Quiétement et sourdement : sans agitation ni angoisse, sans bruit superflu.

Je ne sais si, comme le dit (l'espère) ici Montaigne, c'est affaire d'étude, de ce qu'on appellerait aujourd'hui travail sur soi.

J'ai tendance à penser que c'est plus facile quand la mort arrive au grand âge. Au passage, remarquons l'ineptie, l'inadéquation de cette expression.

Au contraire à un certain point d'avancée en âge tout rapetisse : le corps se ratatine, l'espace se restreint (du lit au fauteuil et puis du lit au lit), le temps s'effiloche en lambeaux de passé de plus en plus difficiles à recoudre ensemble.

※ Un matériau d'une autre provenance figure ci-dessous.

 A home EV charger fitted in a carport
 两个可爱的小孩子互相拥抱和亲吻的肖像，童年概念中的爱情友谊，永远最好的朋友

Le grand âge émousse ainsi les sensations comme les sentiments, estompe les souvenirs et floute même le présent, dilue la pensée dans le seul être-là du corps animal.

Alors peut être laisse-t-on la vie vous quitter simplement, naturellement, comme fait un chien qui se couche.

Il arrive même, un exemple familial me l'a montré, que se porter au bout quiètement et sourdement soit donné, étonnamment, à la fin d'une existence travaillée de tristesse et de lassitude de vivre.

Comme si, sous les turbulences de surface, un flux de quiétude, une petite rivière de paix n'avait cessé de couler, imperceptible, dans les profondeurs d'une mer traversée de tant de courants tumultueux.